* DATA RECORDS *
<<<<

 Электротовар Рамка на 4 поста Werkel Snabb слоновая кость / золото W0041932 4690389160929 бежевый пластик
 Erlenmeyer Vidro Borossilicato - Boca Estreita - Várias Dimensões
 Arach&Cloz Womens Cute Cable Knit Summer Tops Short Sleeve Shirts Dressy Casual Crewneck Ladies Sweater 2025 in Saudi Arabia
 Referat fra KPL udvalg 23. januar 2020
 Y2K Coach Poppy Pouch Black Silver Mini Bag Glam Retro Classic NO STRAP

>>>>
<<<<

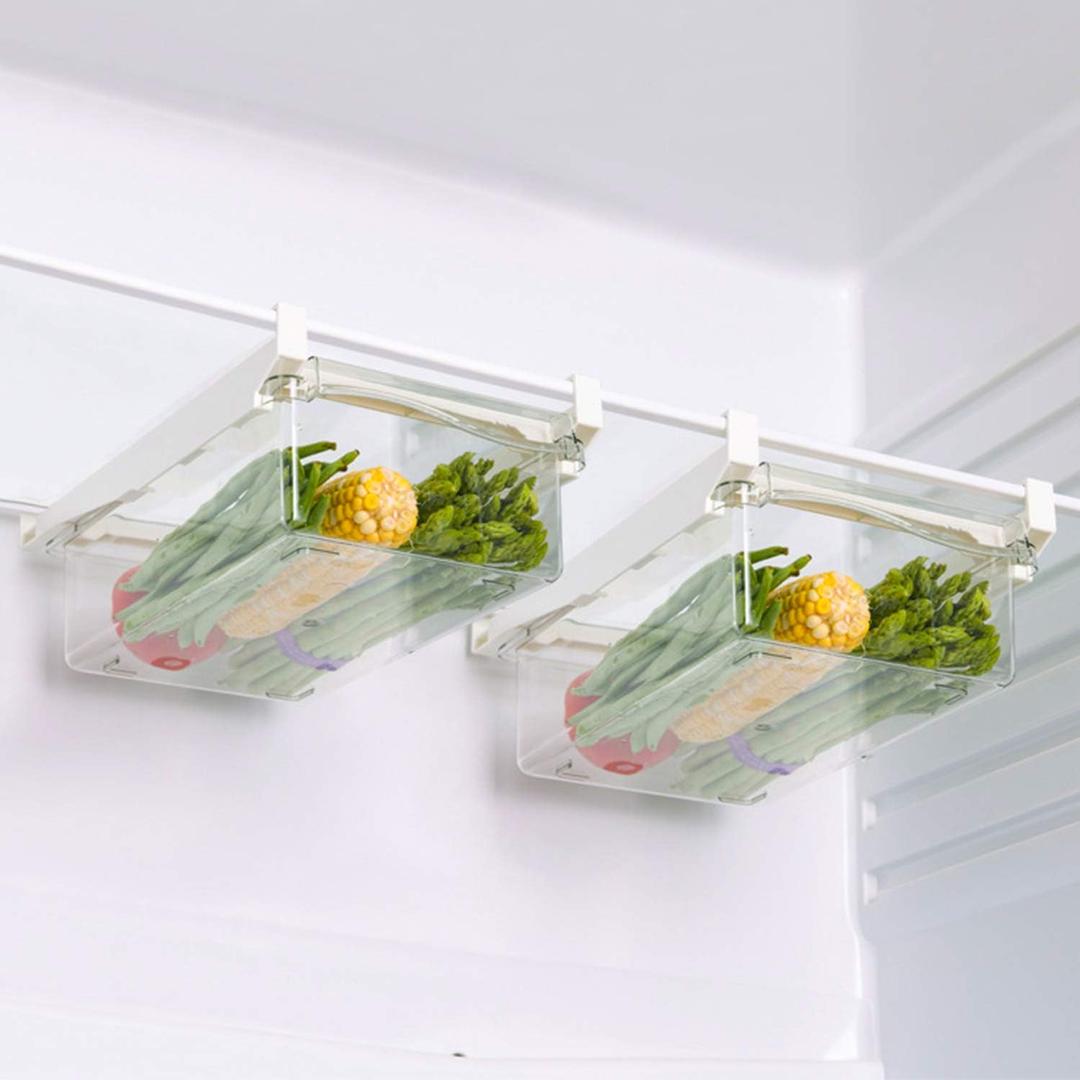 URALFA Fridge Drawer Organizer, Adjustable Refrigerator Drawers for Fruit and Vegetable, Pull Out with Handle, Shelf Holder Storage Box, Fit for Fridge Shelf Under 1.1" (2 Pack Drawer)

>>>>
<<<<

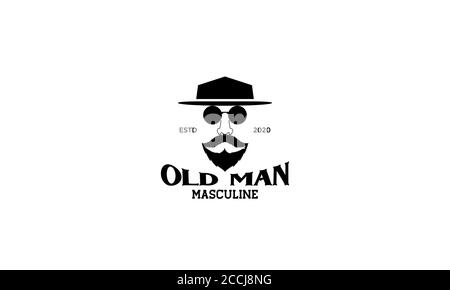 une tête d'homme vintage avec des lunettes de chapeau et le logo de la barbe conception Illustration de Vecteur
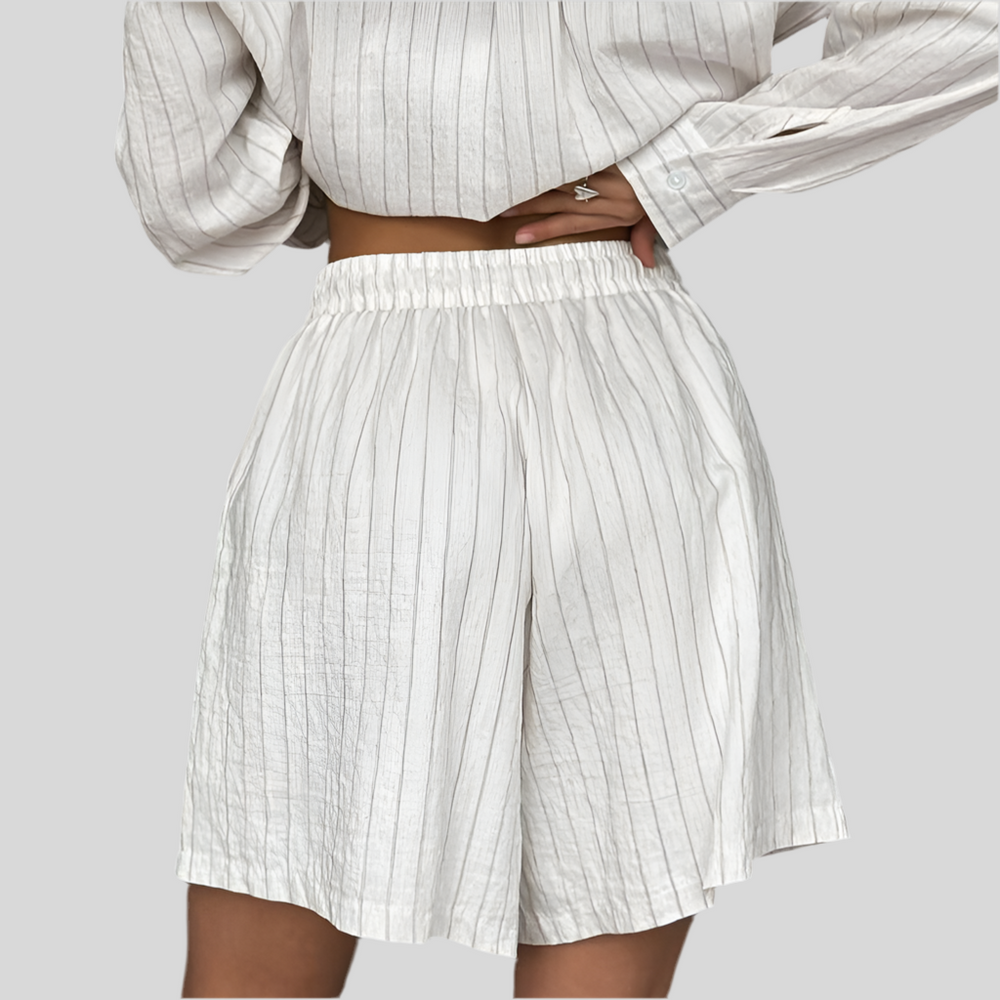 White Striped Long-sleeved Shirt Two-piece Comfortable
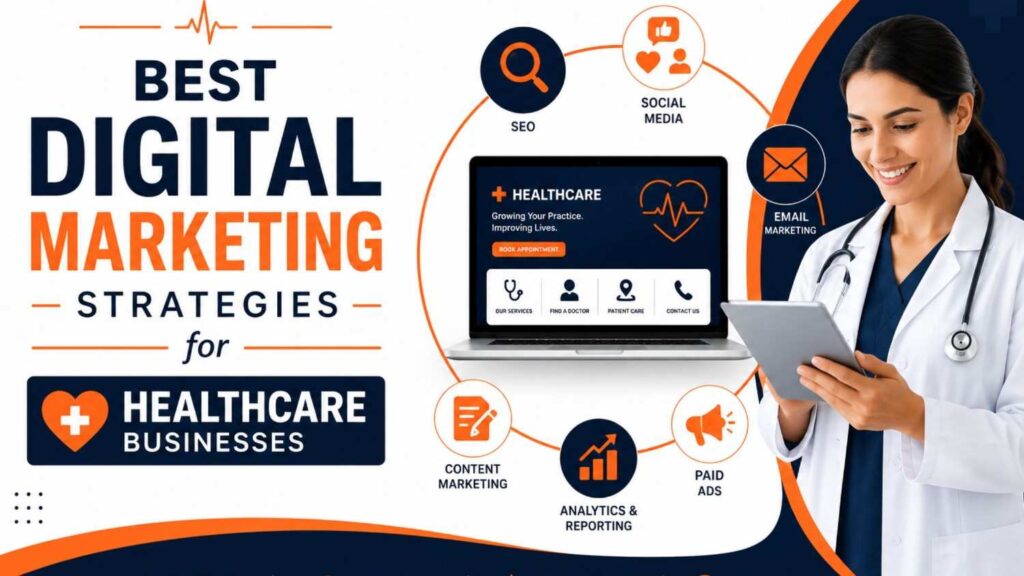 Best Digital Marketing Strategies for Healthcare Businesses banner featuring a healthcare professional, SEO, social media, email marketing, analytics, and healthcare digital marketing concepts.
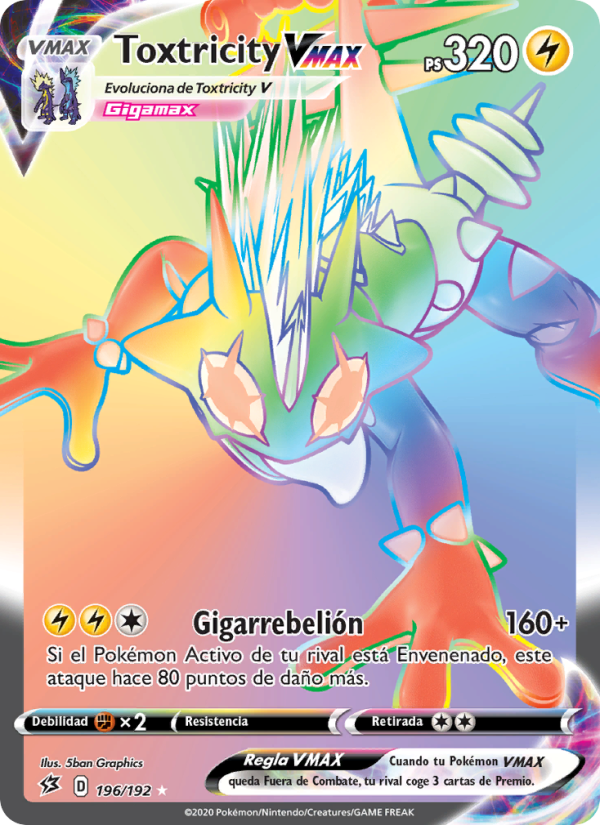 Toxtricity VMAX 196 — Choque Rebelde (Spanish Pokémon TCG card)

>>>>

* ASSIGNMENT *
Retype the records above, but only those lines that fall between the line containing "Электротовар Рамка на" and the line containing "Y2K Coach Poppy", with both of those lines included, exactly as written.

* ANSWER BOX *
 Электротовар Рамка на 4 поста Werkel Snabb слоновая кость / золото W0041932 4690389160929 бежевый пластик
 Erlenmeyer Vidro Borossilicato - Boca Estreita - Várias Dimensões
 Arach&Cloz Womens Cute Cable Knit Summer Tops Short Sleeve Shirts Dressy Casual Crewneck Ladies Sweater 2025 in Saudi Arabia
 Referat fra KPL udvalg 23. januar 2020
 Y2K Coach Poppy Pouch Black Silver Mini Bag Glam Retro Classic NO STRAP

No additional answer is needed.